Here's a sample function that is a candidate for lightweight leaf
status:
wchar_t* SkipLeadingSpacesAndTabs(wchar_t* s)
{
while (*s == L' ' || *s == L't') s++;
return s;
}
This is how the Microsoft compiler generated the code for it:
SkipLeadingSpacesAndTabs:
lhz r4,(r3) ; load wchar_t into r4
cmpwi cr6,r4,0x20 ; Is it a space?
beq cr6,loop ; Y: skip it
cmpwi cr7,r4,9 ; Is it a tab?
bne cr7,break ; N: done
loop:
lhzu r4,2(r3) ; Skip over current character and load next one
cmpwi cr6,r4,0x20 ; Is it a space?
beq cr6,loop ; Y: skip it
cmpwi cr7,r4,9 ; Is it a tab?
beq cr7,loop ; Y: continue
break:
blr ; Return to caller, result already in r3
For some reason, the Microsoft compiler likes to use
cr6 and cr7 as the targets for its comparison
instructions.
It probably wants to stay far away from cr0
and cr1,
which are implicitly updated by some instructions.
Notice that we used the lhzu
instruction to
advance the r3 register and then fetch a halfword from it.
This shows how the update version of a load instruction is handy
for walking through an array.
If we wanted to be clever, we could apply the following transformation.
First, un-unroll the loop:
SkipLeadingSpacesAndTabs:
lhz r4,(r3) ; load wchar_t into r4
b test
loop:
lhzu r4,2(r3) ; Skip over current character and load next one
test:
cmpwi cr6,r4,0x20 ; Is it a space?
beq cr6,loop ; Y: skip it
cmpwi cr7,r4,9 ; Is it a tab?
beq cr7,loop ; Y: continue
break:
blr ; Return to caller, result already in r3
This seems like a pessimization, since we introduced a branch.
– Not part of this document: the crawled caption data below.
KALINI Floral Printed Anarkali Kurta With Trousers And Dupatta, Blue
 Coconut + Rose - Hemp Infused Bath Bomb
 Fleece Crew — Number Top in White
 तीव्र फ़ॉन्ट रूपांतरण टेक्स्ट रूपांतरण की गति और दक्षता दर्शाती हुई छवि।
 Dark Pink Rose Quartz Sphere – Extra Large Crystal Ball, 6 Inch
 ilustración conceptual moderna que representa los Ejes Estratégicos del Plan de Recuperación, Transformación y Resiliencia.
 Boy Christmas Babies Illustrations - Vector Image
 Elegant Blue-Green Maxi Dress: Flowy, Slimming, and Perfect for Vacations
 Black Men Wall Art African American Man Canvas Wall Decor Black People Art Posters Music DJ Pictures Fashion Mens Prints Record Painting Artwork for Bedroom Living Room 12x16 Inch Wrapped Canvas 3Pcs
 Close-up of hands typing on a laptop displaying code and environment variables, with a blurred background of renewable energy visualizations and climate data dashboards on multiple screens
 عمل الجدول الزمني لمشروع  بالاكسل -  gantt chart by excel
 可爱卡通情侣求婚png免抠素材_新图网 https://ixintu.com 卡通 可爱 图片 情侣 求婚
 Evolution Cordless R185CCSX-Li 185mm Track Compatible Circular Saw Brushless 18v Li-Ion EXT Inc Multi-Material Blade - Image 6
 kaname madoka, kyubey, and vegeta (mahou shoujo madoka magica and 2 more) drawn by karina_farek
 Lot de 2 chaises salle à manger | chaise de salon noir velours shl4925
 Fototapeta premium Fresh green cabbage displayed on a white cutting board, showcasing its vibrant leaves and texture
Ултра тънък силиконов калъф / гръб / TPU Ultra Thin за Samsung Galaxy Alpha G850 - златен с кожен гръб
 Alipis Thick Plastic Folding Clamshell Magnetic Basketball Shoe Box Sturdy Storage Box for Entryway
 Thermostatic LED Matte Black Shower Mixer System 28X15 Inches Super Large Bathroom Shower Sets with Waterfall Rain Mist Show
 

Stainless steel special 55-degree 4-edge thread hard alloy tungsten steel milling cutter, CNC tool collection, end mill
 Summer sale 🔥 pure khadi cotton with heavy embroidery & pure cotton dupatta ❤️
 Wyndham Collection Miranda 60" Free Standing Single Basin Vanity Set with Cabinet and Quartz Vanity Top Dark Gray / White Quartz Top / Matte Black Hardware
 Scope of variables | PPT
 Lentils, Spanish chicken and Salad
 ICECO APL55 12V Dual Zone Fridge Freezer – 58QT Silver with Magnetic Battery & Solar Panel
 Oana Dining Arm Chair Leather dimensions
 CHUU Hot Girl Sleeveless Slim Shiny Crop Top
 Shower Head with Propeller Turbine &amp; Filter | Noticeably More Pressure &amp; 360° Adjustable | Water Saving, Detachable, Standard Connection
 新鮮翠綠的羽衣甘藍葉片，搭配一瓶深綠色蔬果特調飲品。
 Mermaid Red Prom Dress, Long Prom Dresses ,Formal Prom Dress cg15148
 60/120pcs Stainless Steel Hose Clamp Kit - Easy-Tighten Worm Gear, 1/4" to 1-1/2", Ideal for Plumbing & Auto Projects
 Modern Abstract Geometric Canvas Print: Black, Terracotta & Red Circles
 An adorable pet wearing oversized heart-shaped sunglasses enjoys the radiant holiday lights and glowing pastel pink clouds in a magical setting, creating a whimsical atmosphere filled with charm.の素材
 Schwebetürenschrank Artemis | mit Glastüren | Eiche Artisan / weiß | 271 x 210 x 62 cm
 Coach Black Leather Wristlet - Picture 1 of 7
But now I can remove the branch by realizing that I can trick the
first iteration's lhzu
to load the first halfword
of the string rather than the second:
Predecrement the value to counteract the preincrement!
SkipLeadingSpacesAndTabs:
subi r3,r3,2 ; decrement to counteract the upcoming increment
loop:
lhzu r4,2(r3) ; Skip over current character and load next one
cmpwi cr6,r4,0x20 ; Is it a space?
beq cr6,loop ; Y: skip it
cmpwi cr7,r4,9 ; Is it a tab?
beq cr7,loop ; Y: continue
break:
blr ; Return to caller, result already in r3
Finally, I can combine the results of the two comparisons so there
is only one branch that needs to be predicted:
SkipLeadingSpacesAndTabs:
subi r3,r3,2 ; decrement to counteract the upcoming increment
loop:
lhzu r4,2(r3) ; Skip over current character and load next one
cmpwi cr6,r4,0x20 ; Is it a space?
cmpwi cr7,r4,9 ; Is it a tab?
cror 4*cr7+eq,4*cr6+eq,4*cr7+eq ; Is it either?
beq cr7,loop ; Y: continue
blr ; Return to caller, result already in r3
I don't know whether this performs better than the original code,
but it
is four instructions shorter,
consumes one fewer branch prediction slot,
and simply looks cooler.
I win on style points,
but I could very well lose on real-world performance.
¹
As I noted earlier, you are allowed to use all of the home space
even if your function doesn't have that many parameters.